▶ [Exercise directions] Write out, unaltered, each line from the top of the records below down to the line where "402 Walnut St" appears, that line included.

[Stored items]
----

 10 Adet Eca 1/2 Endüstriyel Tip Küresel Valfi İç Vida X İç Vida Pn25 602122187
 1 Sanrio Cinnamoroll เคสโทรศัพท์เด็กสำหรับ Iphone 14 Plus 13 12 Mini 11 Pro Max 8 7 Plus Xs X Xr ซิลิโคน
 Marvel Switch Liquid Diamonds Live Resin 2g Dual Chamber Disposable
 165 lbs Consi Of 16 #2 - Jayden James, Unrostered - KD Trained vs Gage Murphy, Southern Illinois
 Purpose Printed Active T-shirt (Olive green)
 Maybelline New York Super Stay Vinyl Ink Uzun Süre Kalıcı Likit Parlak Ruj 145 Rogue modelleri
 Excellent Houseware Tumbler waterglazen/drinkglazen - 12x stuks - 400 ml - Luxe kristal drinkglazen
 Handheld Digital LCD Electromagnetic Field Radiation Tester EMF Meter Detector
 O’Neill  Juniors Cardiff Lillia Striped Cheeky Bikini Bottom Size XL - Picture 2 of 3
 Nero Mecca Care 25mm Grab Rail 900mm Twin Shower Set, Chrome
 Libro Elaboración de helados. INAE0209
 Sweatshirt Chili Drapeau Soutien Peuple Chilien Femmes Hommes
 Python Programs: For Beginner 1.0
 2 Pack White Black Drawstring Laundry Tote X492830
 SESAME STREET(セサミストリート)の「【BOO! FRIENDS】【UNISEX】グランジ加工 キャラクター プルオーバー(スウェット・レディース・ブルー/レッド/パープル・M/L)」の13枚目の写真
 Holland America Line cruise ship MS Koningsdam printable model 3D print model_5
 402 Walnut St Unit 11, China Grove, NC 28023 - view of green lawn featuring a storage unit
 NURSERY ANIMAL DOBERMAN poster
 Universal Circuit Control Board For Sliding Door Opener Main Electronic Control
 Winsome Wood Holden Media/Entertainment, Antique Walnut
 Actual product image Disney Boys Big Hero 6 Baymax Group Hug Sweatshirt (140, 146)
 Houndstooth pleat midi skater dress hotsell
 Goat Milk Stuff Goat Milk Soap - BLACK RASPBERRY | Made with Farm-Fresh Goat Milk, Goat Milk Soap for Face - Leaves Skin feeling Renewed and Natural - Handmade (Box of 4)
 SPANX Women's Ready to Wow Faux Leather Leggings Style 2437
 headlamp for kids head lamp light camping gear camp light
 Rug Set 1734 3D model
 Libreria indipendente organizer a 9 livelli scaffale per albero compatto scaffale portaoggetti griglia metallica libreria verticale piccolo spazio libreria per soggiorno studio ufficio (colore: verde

----

▶ [Problem solution]
 10 Adet Eca 1/2 Endüstriyel Tip Küresel Valfi İç Vida X İç Vida Pn25 602122187
 1 Sanrio Cinnamoroll เคสโทรศัพท์เด็กสำหรับ Iphone 14 Plus 13 12 Mini 11 Pro Max 8 7 Plus Xs X Xr ซิลิโคน
 Marvel Switch Liquid Diamonds Live Resin 2g Dual Chamber Disposable
 165 lbs Consi Of 16 #2 - Jayden James, Unrostered - KD Trained vs Gage Murphy, Southern Illinois
 Purpose Printed Active T-shirt (Olive green)
 Maybelline New York Super Stay Vinyl Ink Uzun Süre Kalıcı Likit Parlak Ruj 145 Rogue modelleri
 Excellent Houseware Tumbler waterglazen/drinkglazen - 12x stuks - 400 ml - Luxe kristal drinkglazen
 Handheld Digital LCD Electromagnetic Field Radiation Tester EMF Meter Detector
 O’Neill  Juniors Cardiff Lillia Striped Cheeky Bikini Bottom Size XL - Picture 2 of 3
 Nero Mecca Care 25mm Grab Rail 900mm Twin Shower Set, Chrome
 Libro Elaboración de helados. INAE0209
 Sweatshirt Chili Drapeau Soutien Peuple Chilien Femmes Hommes
 Python Programs: For Beginner 1.0
 2 Pack White Black Drawstring Laundry Tote X492830
 SESAME STREET(セサミストリート)の「【BOO! FRIENDS】【UNISEX】グランジ加工 キャラクター プルオーバー(スウェット・レディース・ブルー/レッド/パープル・M/L)」の13枚目の写真
 Holland America Line cruise ship MS Koningsdam printable model 3D print model_5
 402 Walnut St Unit 11, China Grove, NC 28023 - view of green lawn featuring a storage unit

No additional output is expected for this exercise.